▸ **RECORDS FOR THE TASK**:
────────────────

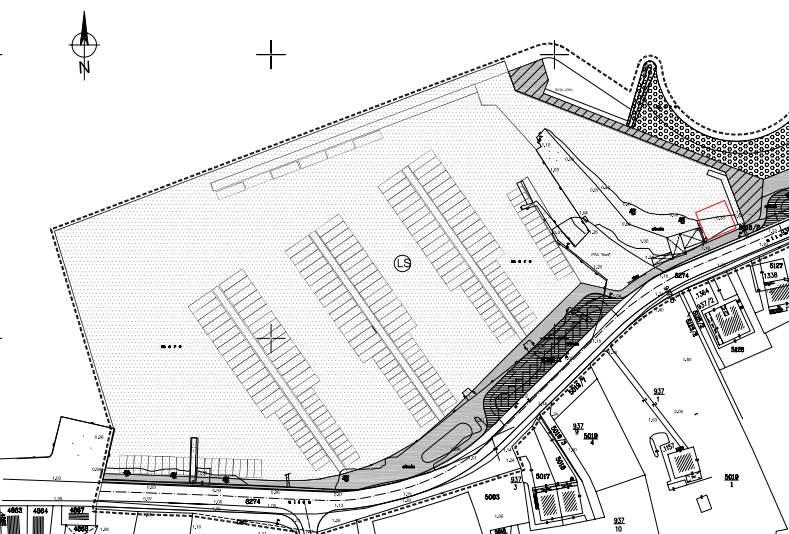 vanjskim pontonom, koja bi u lokalnim uvjetima pružila adekvatnu zaštitu. Planirana dužina lukobrana je cca 95 m.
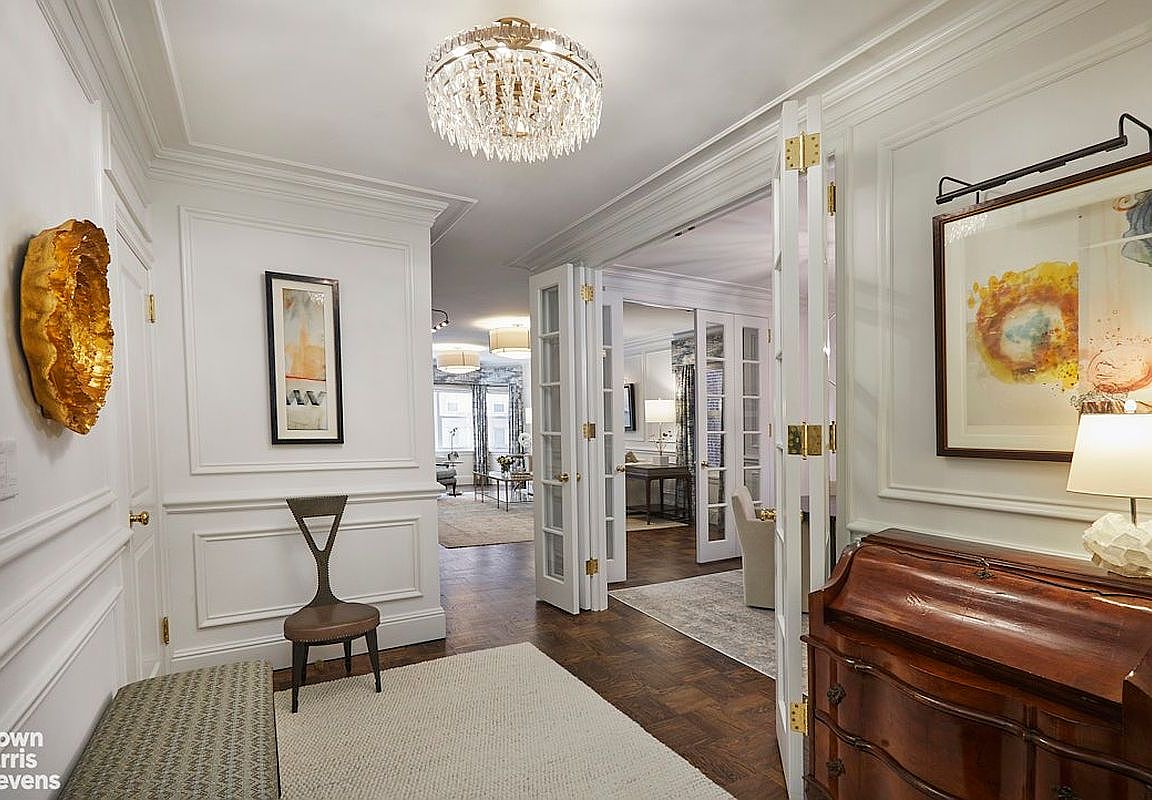 20 Sutton Pl S Unit 5A  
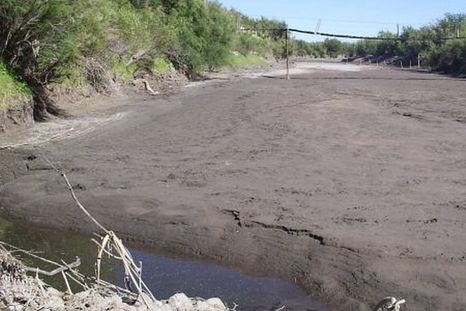 La Pampa vuelve a la carga en la Justicia por el Río Atuel. La Pampa vuelve a la carga en la Justicia por el Río Atuel.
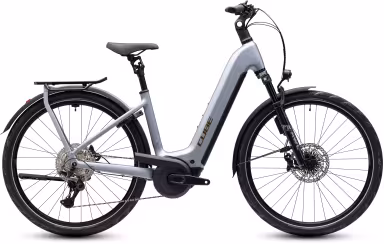 Cube Kathmandu Hybrid EXC 800
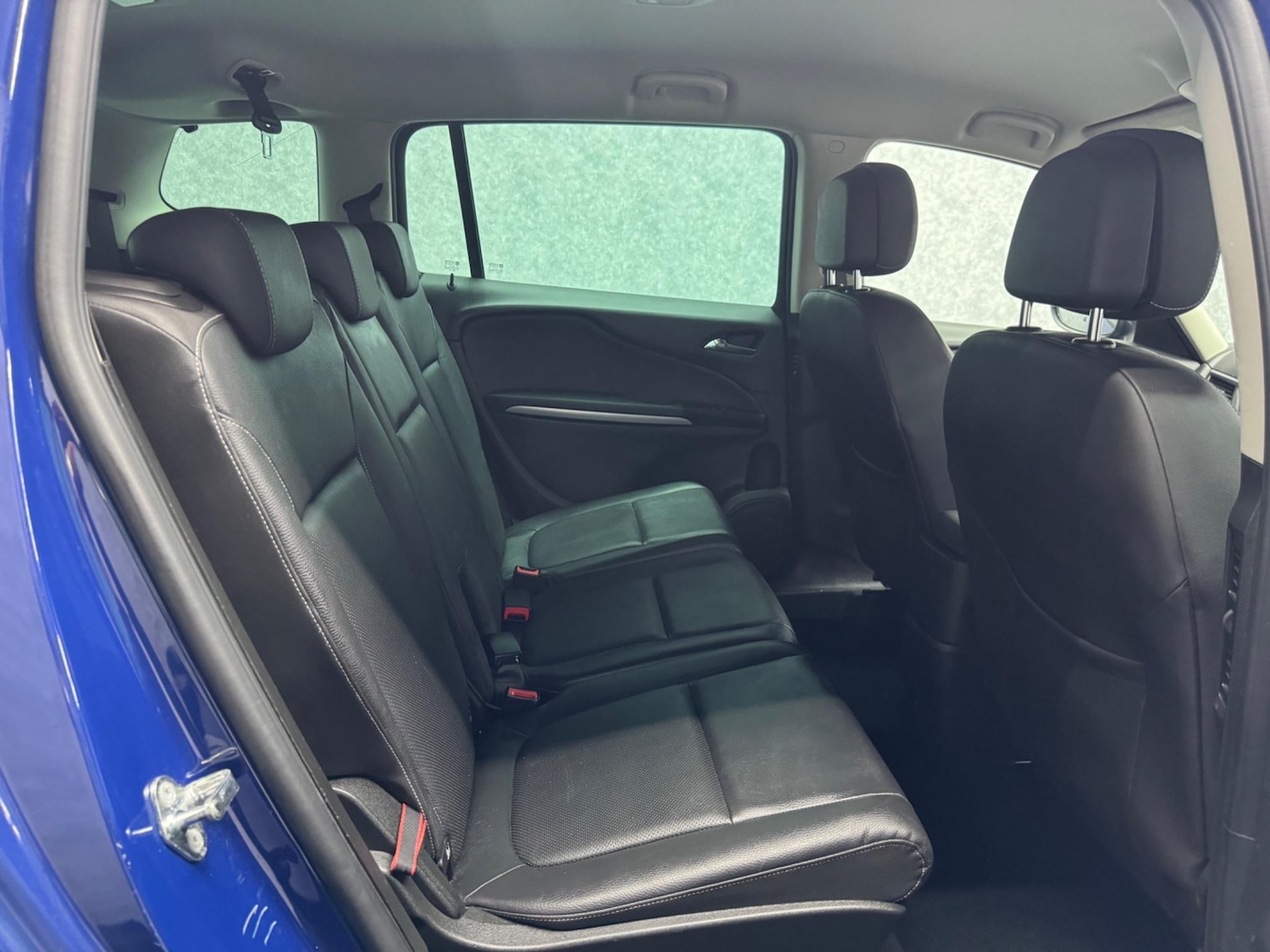 Used Vauxhall Zafira Tourer 2018 for sale - 76190058: Photo 4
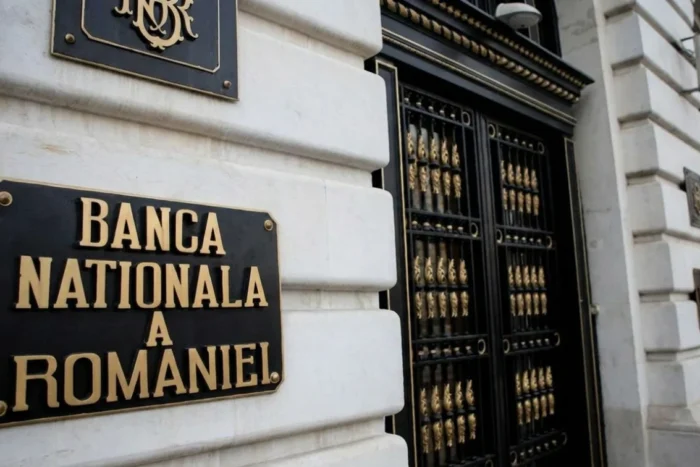 Senatul interzice comisioanele ascunse la facturile exprimate în valută. Calcul strict la cursul BNR. facturi curs BNR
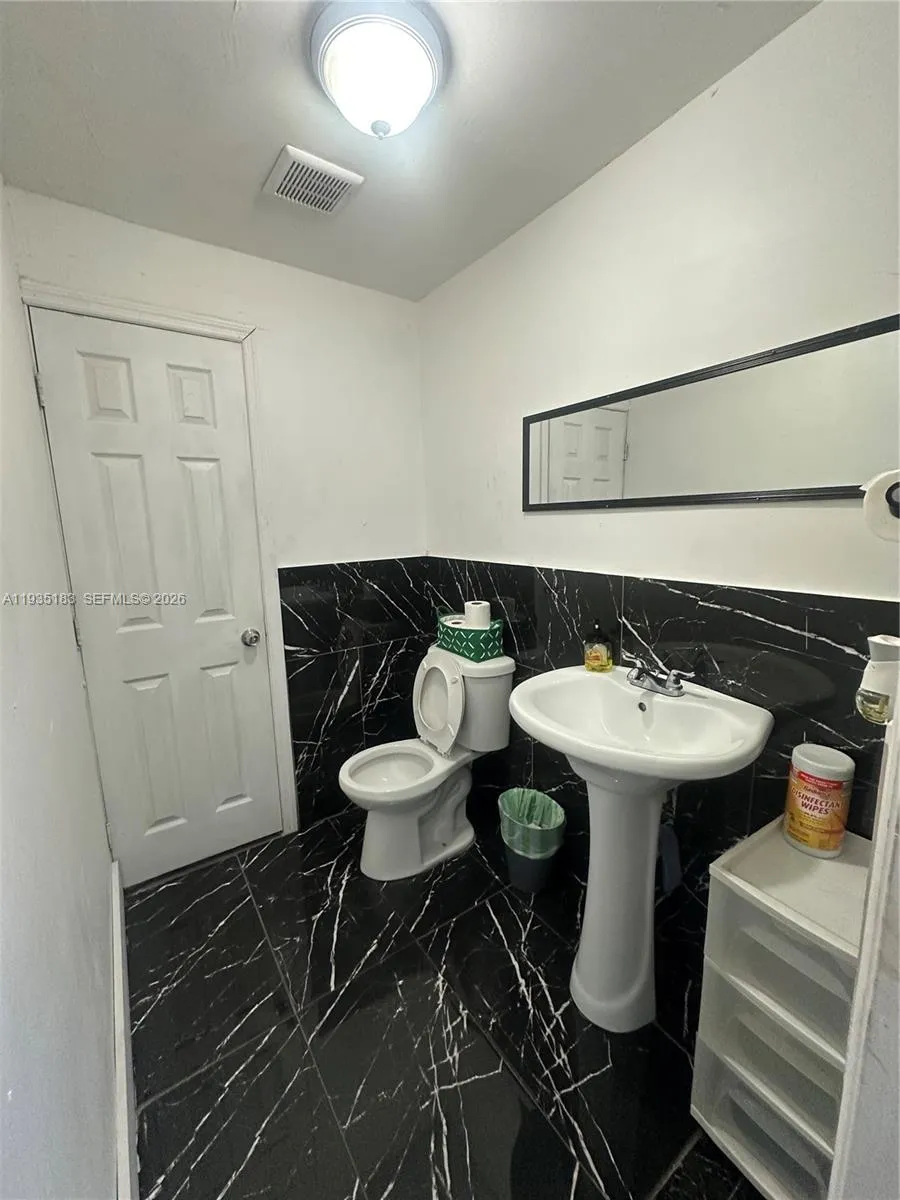 5755 Funston St, Hollywood, Florida 33023, Hollywood, Florida 33023, ,Commercial Lease,For Rent,5755 Funston St, Hollywood, Florida 33023,A11935183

────────────────

▸ **YOUR ASSIGNMENT**: What you write must match, line for line, the lines from the one with "20 Sutton Pl S Unit 5A" through the last line of the data above, minus the pictures.

▸ **COMPLETED TASK**:
 20 Sutton Pl S Unit 5A  
 La Pampa vuelve a la carga en la Justicia por el Río Atuel. La Pampa vuelve a la carga en la Justicia por el Río Atuel.
 Cube Kathmandu Hybrid EXC 800
 Used Vauxhall Zafira Tourer 2018 for sale - 76190058: Photo 4
 Senatul interzice comisioanele ascunse la facturile exprimate în valută. Calcul strict la cursul BNR. facturi curs BNR
 5755 Funston St, Hollywood, Florida 33023, Hollywood, Florida 33023, ,Commercial Lease,For Rent,5755 Funston St, Hollywood, Florida 33023,A11935183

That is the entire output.